Notorious BIG / Life After Death
Fan Post by Jereme Hines
The first song I ever remembered listening to was Biggie Smalls’ ‘Hypnotize’ when I was five years old. My parents were devout listeners of 90s rap. I grew up learning everything there was to know about hip hop during its golden age. My mom was a big fan of Tupac and collected all of his albums. I really do respect and love ‘Pac for what he did for rap. I’m a really big fan of The Notorious B.I.G., Christopher Wallace. When everyone was obsessed with the West Coast and the coalition that was Death Row Records, Biggie singlehandedly carried the East Coast on his back. Let’s face it, Puff Daddy and Junior M.A.F.I.A. wouldn’t have been as prolific as they were without the swagger and clever lyricism of Biggie. Though there were so many other important New Yorkers repping the East (The Tribe, Wu-Tang, etc.), none did it with the finesse that Biggie perfected in Life After Death.

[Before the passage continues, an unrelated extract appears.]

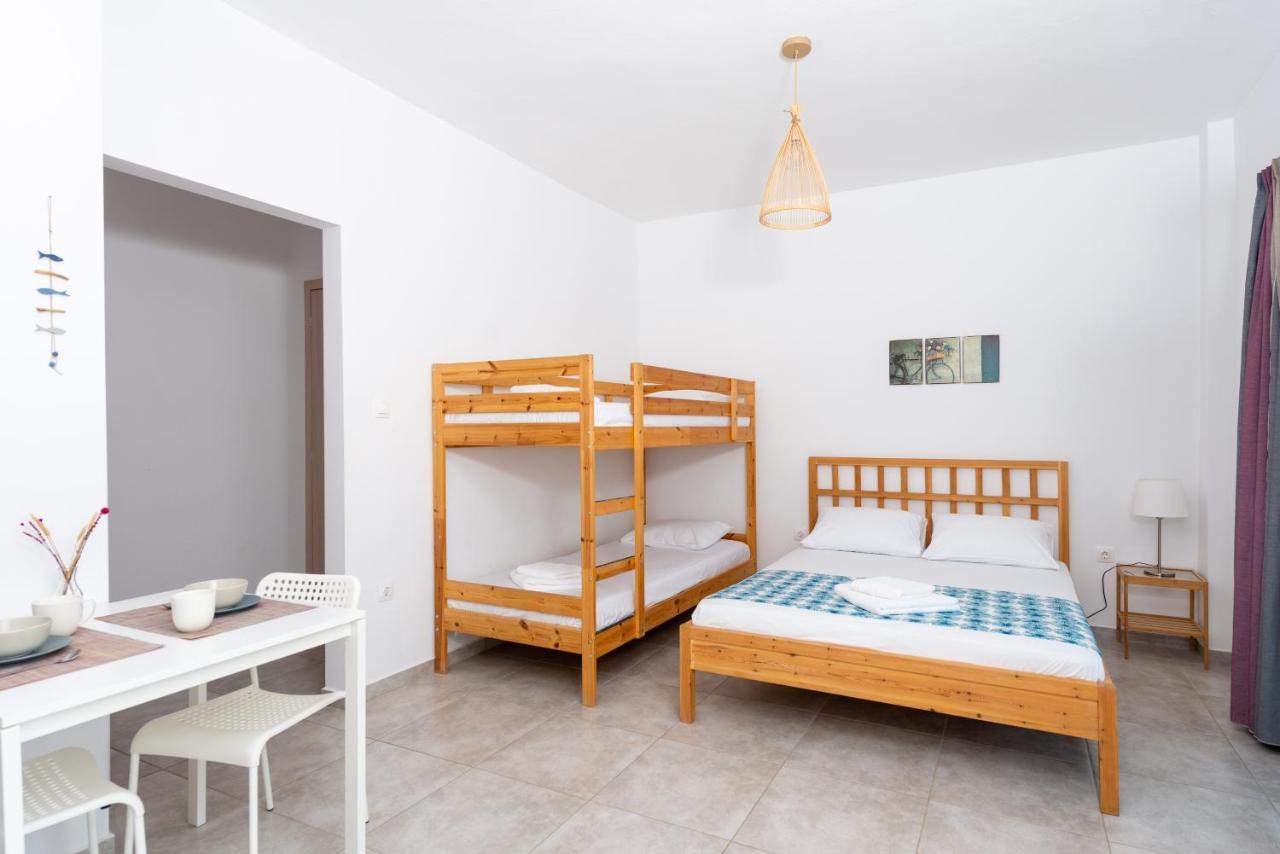 Avli Apartments Pyrgadikia Esterno foto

The nominations for Best Rap Album and Best Rap Solo Performance during the ’98 Grammys don’t do this album any justice. Life After Death had everything a gangsta-rap album needed. Criminally-smooth swagger to rival 20s crime bosses; a feud to rival that of Alexander Hamilton and Aaron Burr; and most of all tight, dense lyrics that fit for almost any mood. Want to have a party? Put on Mo Money, Mo’ Problems or ‘Hypnotize’. Want a bleak picture at the nature of gang life in New York? ‘Somebody Gotta Die’ should do it for you. Songs like ‘Ten Crack Commandments’ show just how clever Biggie was with his lyrics, making a version of the Ten Commandments you wouldn’t ever catch a preacher reciting.
What really makes this album a classic is the legacy that Notorious B.I.G. left after his death as a result of his feud with Tupac Shakur. Foremost among Smalls’ talents were his disses. Throughout the album, Wallace made it his mission to diss as many artists as possible. On Kick in the Door, he even dissed DJ Premier, the producer, on his own track. Not to mention the harsh bars he had for rappers such as Ghostface Killah, Raekwon, and even Nas on his second studio album. He had chutzpah, and the skill to back it up.
Often, I wonder what might have happened if Tupac and Biggie had been able to set aside their differences before they died. Like rock n’ roll icon Buddy Holly, the gangsta rap icons didn’t even have the chance to reach 30 years old by the time they were murdered in Las Vegas and Los Angeles, respectively. The innovations in hip hop that Biggie brought to the rap world in the course of three years are nothing short of legendary. It’s a sin that Christopher Wallace was taken too soon to be able to give us more studio albums. Life After Death was released quickly after his tragic demise and
is more than just The Notorious B.I.G.’s magnum opus. It’s an eerie premonition of a death borne of the dangers of violent feuds that, in the end, always go too far.